Considered in outline, the quantitative approach goes as follows:

  • by means of a Treaty, establish the minimum necessary of supra-national rules and institutions over a specific range of policies;
  • allow their interoperation to deliver secondary rules and to gradually bring about the functional necessity of another Treaty that will broaden and deepen the scope of those policies;
  • the new Treaty will iterate on the previous one, initiating another phase of gradual integration, which is epitomised by yet another Treaty, and so on.

This is what characterises the European integration process from the 1950s hitherto. It guided the first European Communities along their evolutionary journey to become the European Union; it was also applied to the creation of the Economic and Monetary Union, an economy-focused order aimed at realising a political end: the creation of a “political union” of sorts.
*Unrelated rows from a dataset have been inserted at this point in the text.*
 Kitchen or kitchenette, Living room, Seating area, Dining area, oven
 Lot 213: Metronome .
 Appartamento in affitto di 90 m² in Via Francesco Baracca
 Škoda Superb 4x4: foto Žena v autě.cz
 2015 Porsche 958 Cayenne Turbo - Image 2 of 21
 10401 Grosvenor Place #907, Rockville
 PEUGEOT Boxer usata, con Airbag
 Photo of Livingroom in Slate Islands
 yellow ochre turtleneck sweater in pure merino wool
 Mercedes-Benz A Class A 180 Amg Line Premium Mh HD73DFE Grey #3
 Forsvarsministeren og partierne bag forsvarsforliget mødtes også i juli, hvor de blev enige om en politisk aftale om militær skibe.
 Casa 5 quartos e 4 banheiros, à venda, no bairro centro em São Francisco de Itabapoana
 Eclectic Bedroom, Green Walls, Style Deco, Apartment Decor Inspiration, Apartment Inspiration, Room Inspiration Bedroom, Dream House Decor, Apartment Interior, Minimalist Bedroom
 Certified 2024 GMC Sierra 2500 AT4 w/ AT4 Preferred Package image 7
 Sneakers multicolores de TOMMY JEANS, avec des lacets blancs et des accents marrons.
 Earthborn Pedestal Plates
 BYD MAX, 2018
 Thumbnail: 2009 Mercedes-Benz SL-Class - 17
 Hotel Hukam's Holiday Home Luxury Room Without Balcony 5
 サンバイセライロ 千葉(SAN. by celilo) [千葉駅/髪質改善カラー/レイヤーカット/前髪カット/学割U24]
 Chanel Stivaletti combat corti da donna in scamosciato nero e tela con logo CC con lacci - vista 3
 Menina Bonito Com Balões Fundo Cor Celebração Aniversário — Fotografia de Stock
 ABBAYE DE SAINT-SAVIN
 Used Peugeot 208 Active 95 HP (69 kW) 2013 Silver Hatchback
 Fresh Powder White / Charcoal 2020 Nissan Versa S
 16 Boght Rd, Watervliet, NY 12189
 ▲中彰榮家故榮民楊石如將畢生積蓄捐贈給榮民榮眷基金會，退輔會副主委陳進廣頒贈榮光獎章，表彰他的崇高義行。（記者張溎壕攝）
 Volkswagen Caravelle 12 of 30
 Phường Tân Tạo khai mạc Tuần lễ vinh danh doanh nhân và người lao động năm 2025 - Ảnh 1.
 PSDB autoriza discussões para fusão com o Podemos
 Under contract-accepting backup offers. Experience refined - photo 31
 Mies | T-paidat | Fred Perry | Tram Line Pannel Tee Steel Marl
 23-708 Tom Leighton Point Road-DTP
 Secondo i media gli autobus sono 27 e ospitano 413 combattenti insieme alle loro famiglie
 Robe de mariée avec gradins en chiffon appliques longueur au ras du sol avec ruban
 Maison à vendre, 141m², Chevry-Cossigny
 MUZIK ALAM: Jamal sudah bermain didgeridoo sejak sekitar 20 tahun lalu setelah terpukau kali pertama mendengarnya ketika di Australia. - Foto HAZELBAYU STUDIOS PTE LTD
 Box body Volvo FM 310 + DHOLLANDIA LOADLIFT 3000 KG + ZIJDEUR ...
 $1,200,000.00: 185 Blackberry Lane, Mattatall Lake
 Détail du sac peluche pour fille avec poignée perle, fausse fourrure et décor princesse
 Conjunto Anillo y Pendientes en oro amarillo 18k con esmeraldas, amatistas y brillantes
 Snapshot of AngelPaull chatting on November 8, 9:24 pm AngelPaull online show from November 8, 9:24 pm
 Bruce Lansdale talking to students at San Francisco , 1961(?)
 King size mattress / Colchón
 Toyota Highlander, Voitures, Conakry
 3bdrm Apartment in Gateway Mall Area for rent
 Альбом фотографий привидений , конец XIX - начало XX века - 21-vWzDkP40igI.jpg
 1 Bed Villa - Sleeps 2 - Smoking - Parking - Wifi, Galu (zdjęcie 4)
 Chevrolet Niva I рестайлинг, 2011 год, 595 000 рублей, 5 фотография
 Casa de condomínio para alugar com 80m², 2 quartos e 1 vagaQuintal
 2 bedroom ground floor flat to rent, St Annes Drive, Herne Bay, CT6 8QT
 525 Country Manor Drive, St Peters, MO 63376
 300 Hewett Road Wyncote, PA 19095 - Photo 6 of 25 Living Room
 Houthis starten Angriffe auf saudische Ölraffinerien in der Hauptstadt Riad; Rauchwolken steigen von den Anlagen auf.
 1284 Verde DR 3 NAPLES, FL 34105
What may have worked for the EU, does not necessarily deliver the same results for a single currency area. The conditions and requirements are different. It is in the nature of monetary policy to require far more than what the architects of the Euro were willing to provide and, by the same token, it is not enough to just increase the kind of instruments the EMU has had.

A stateless currency

A common currency is the legally-confirmed-and-instituted epiphenomenon of economic convergence; of markets that already have achieved a high degree of interconnectedness, where goods, services, capital, and labour can move unencumbered, and where the necessary state structures are in place to ameliorate any cyclical, area-wide macroeconomic imbalances.

A common currency area must, in effect, be a single economy, underpinned by a coherent, consistent, and credible institutional-political framework. As concerns the former, time is needed to reach an optimal state; whereas for the latter the EMU has heretofore been a system where:

  • Member States have a common monetary policy, yet each maintains its fiscal sovereignty which is conditioned along a common set of rules;
  • There is no counter-party Treasury to the European Central Bank, fitted with a common budget as well as the adequate fiscal capacity to issue [euro-]bonds, raise taxes, and mitigate asymmetric shocks;
  • No Euro-wide state has ownership of the Euro, as there exists no EMU-specific political sphere, encompassing an executive and a legislative function that operate along the lines of modern representative democracy.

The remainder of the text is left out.